To begin with some context, I haven't had any exposure to measure theory yet.

I solved the following problem.

A set $$A\subset \mathbb R$$ such that $$\forall \epsilon >0$$, there exists countably many open intervals $$(I_n)$$ such that $$A\subset \cup_{n\in\mathbb N}I_n$$ and $$\sum \operatorname{length}(I)<\epsilon$$ is called a measure-zero set.

Let $$f\in C^1(\mathbb R,\mathbb R)$$. Let $$A=\{x\in\mathbb R, f'(x)=0\}$$ Prove that $$f(A)$$ is a measure-zero set.

I fail to understand what this means intuitively. Does it mean that the cardinal of $$f(A)$$ is small ? Or does it mean $$f(A)$$ is a "concentrated set" ?
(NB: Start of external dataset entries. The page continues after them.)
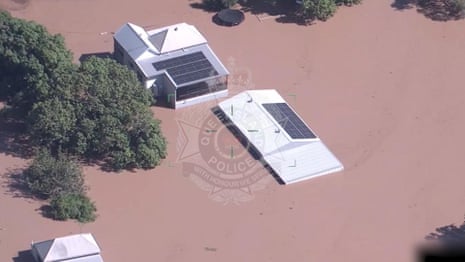 洪水淹没的道路和房屋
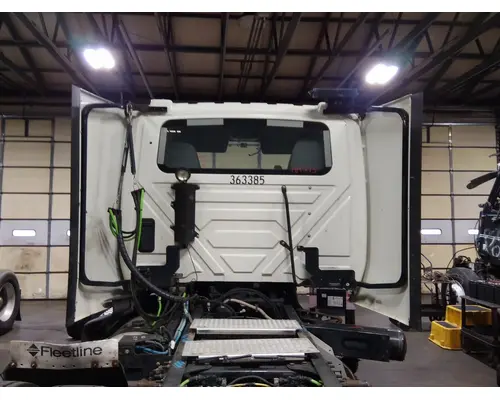 INTERNATIONAL LT CAB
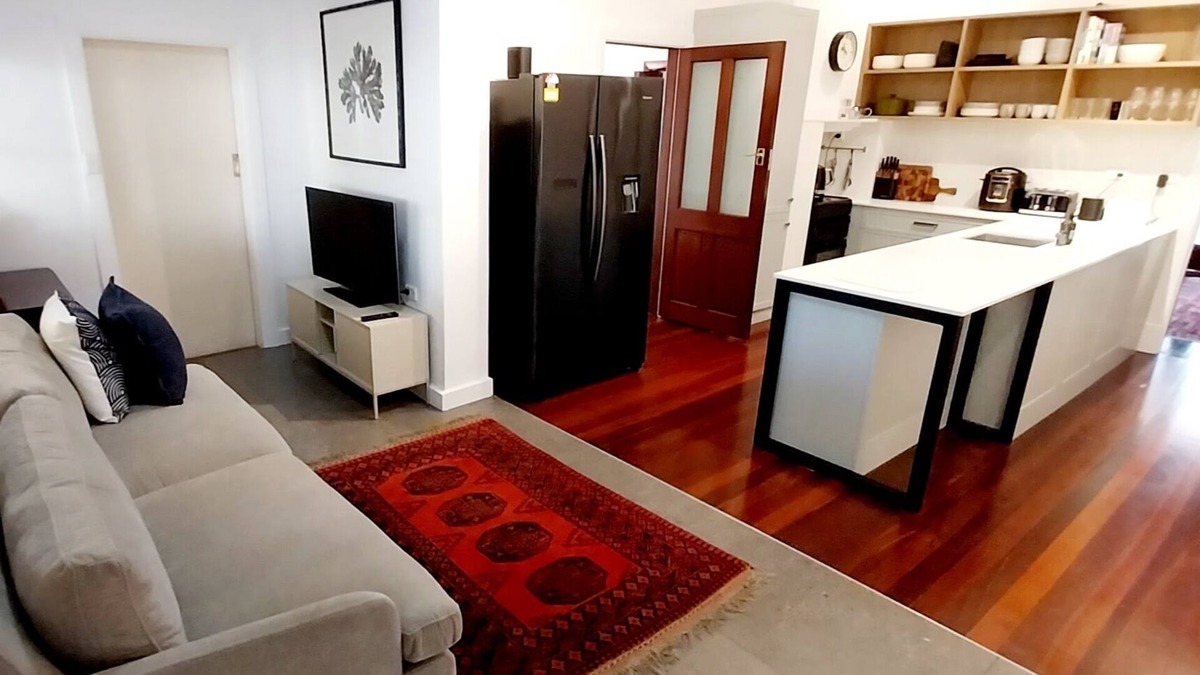 Whyalla House | Whyalla House - Home2Home Executive Accommodation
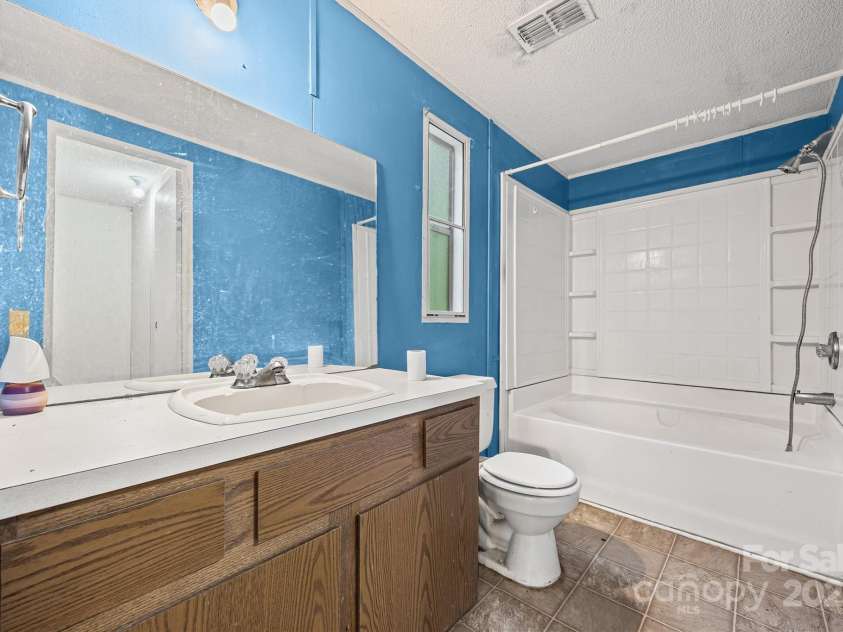 189 Schoolside Drive, Rock Hill, SC 29730.  MLS# CAR4293748, YatesRealty ID 34130. Full Bathroom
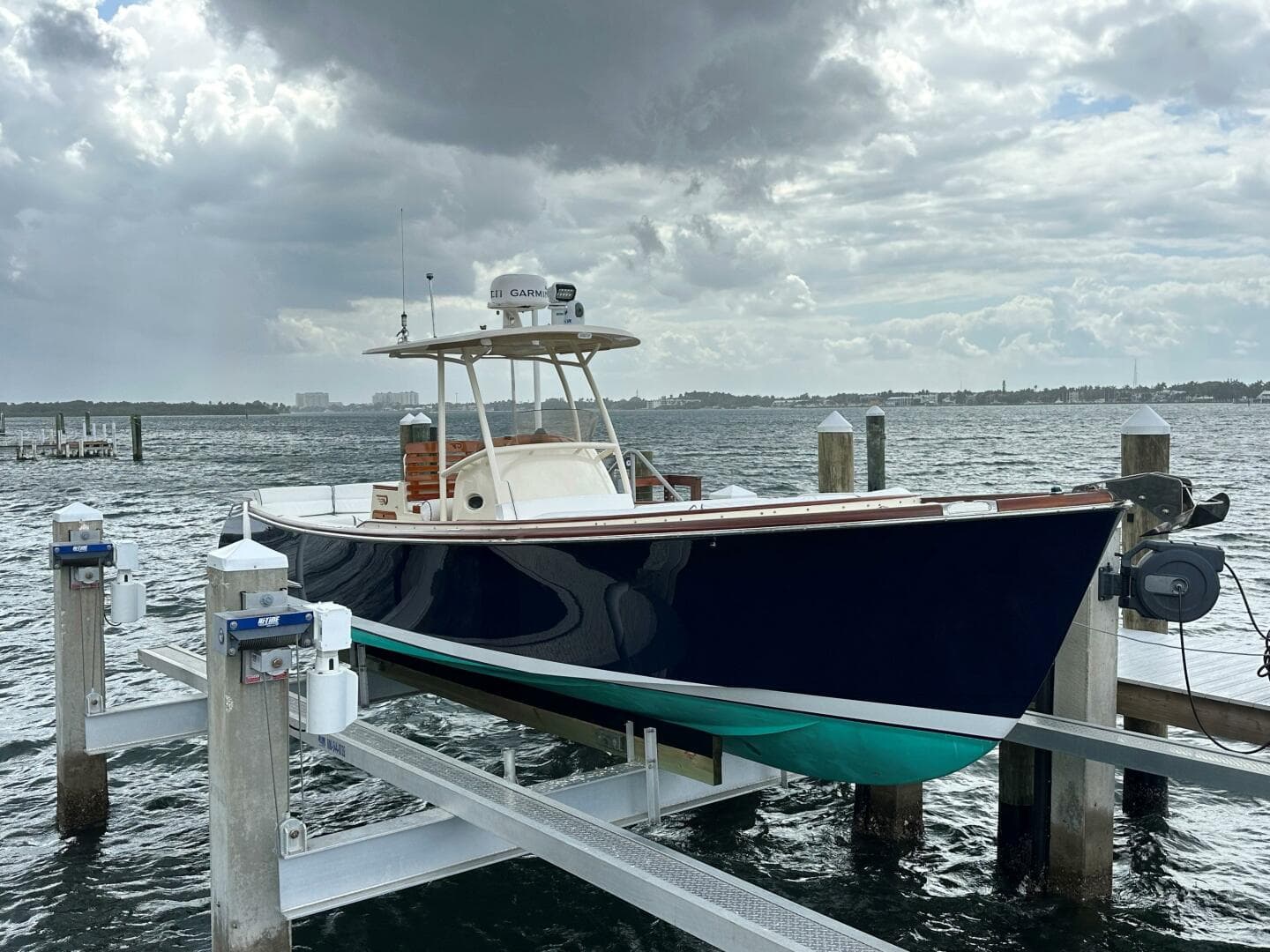 2002 Hinckley Talaria 29 C — photo 2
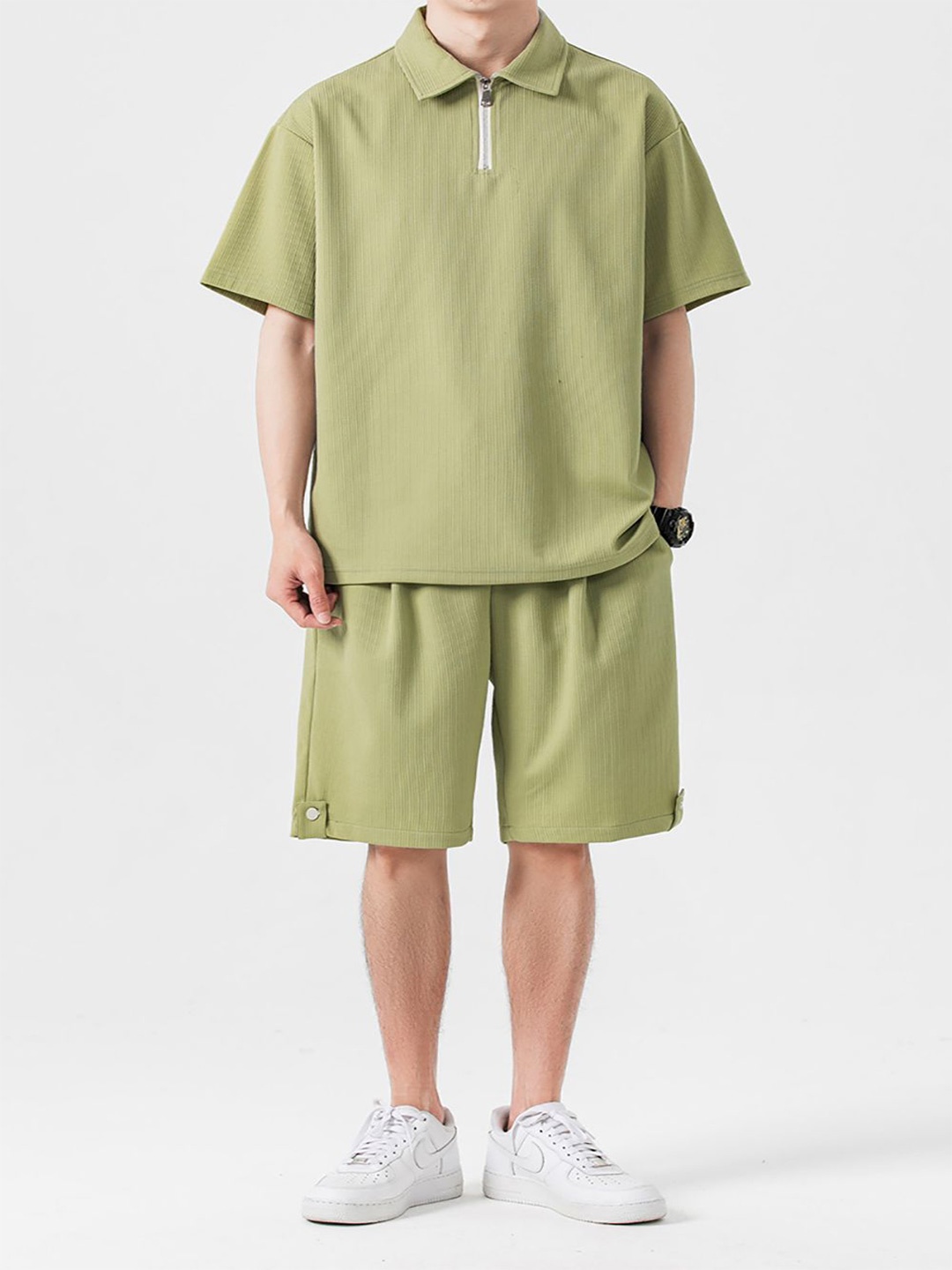 

StyleCast x Revolte Men T-shirt with Shorts, Green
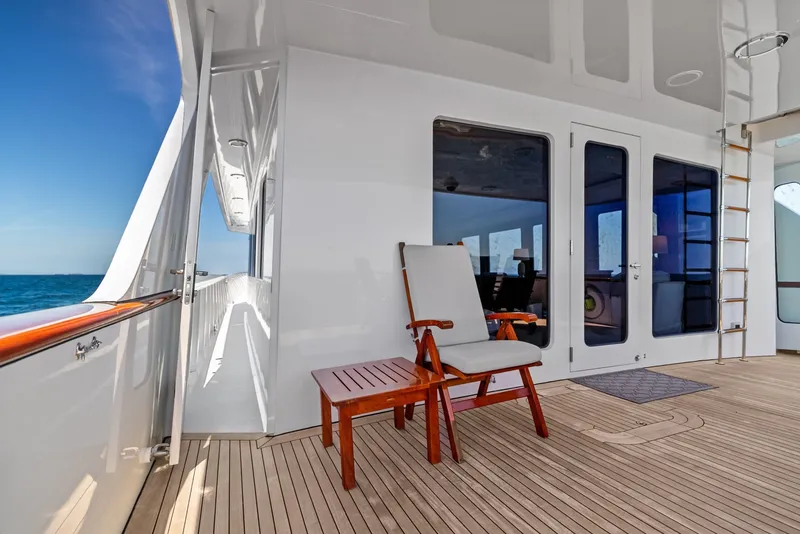 Slide: The Image of Burger Boat Company Raised Pilothouse 1998 - 85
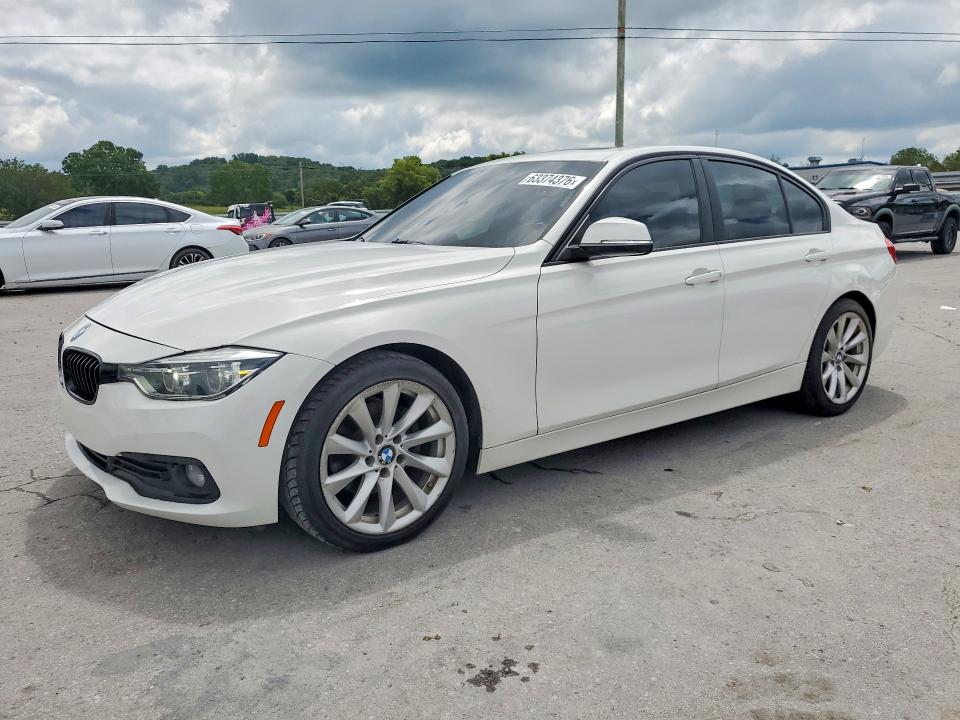 2018 BMW 3er VIN WBA8E1G50JNU90422 COPART salvage auction — MINOR DENT/SCRATCHES, Wv - Certificate Of Title (P), sold $6,100 on 2026-08-10 (photo 1)
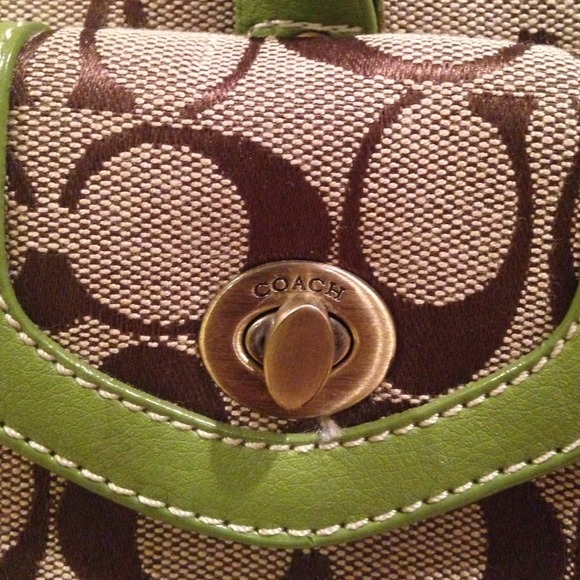 Coach Handbag - Picture 2 of 4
• Measure zero sets may have the same cardinality of the reals (an example is the Cantor set), or they can be dense (an example is the set of rationals). May 17 '15 at 9:04
• There are uncountable subsets of $\mathbb R$ that has (Lebesgue-)measure zero, see for instance math.stackexchange.com/questions/459849/… so the cardinalility does not have to be small. $\mathbb N$ has measure zero, I wouldn't call that concentrated. So neither is probably a good intuitive way of thinking of measure zero. My guess would be that f(A) is countable though. May 17 '15 at 9:04
• What exactly do you mean when you say you don't understand what this means? Do you at least know the definition of a zero-measure set? May 17 '15 at 9:25
• @JackM The definition is given in the definition of the exercise. My problem is that can't understand it intuitively. If you had to draw a zero-measure set, how would it look ? May 17 '15 at 9:51

All definitions of measure that I'm aware of start with intervals. The idea is that we definitely know what the length of an interval is, so we can build up a more general definition from there. For example, the length of a union of disjoint intervals "should be" the sum of their lengths. Along these same lines is the idea that a set "should have" a measure smaller than any set containing it. Thus if for any $\epsilon > 0$ you can find a set $A_\epsilon$ of measure $\epsilon$ which contains $A$, then $A$ must have zero-measure. That's where this exercice's measure-zero criterion is coming from.